Multiple major tech companies appear to be planning to use user data to train their artificial intelligence models.
In early August, video conferencing platform Zoom changed its terms of service to include the following provision:
“You consent to Zoom’s access, use, collection, creation, modification, distribution, processing, sharing, maintenance, and storage of Service Generated Data for any purpose, to the extent and in the manner permitted under applicable Law, including for the purpose of product and service development, marketing, analytics, quality assurance, machine learning or artificial intelligence (including for the purposes of training and tuning of algorithms and models)”
After facing public backlash, they reversed course and clarified that they don’t plan to utilize user data from calls to train their AI models. However, other companies appear to be heading in that direction.
Earlier this week, a columnist from The Washington Post discovered that unless the user explicitly opts out, Google uses private data from their email to train its AI model.

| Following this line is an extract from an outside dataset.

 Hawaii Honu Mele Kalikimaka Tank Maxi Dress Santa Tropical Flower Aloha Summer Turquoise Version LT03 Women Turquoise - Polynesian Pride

Similarly, Meta took over a billion Instagram posts from public user accounts to train an AI model of their own.
One of the critical components for training new AI models is having a large amount of data. Current frontier models like GPT-4 are suspected to have been trained using virtually the entire public internet. But for companies to keep building bigger models, they will need even more data — and they are now turning to user data.
Researchers believe that once an AI model has seen private data during training, it is virtually impossible to make it forget that information. This means that new AI models that have been trained with private data may retain that information forever, and if they aren’t deployed safely, they may inadvertently share confidential information (such as an individual’s private conversations or health data) with other users.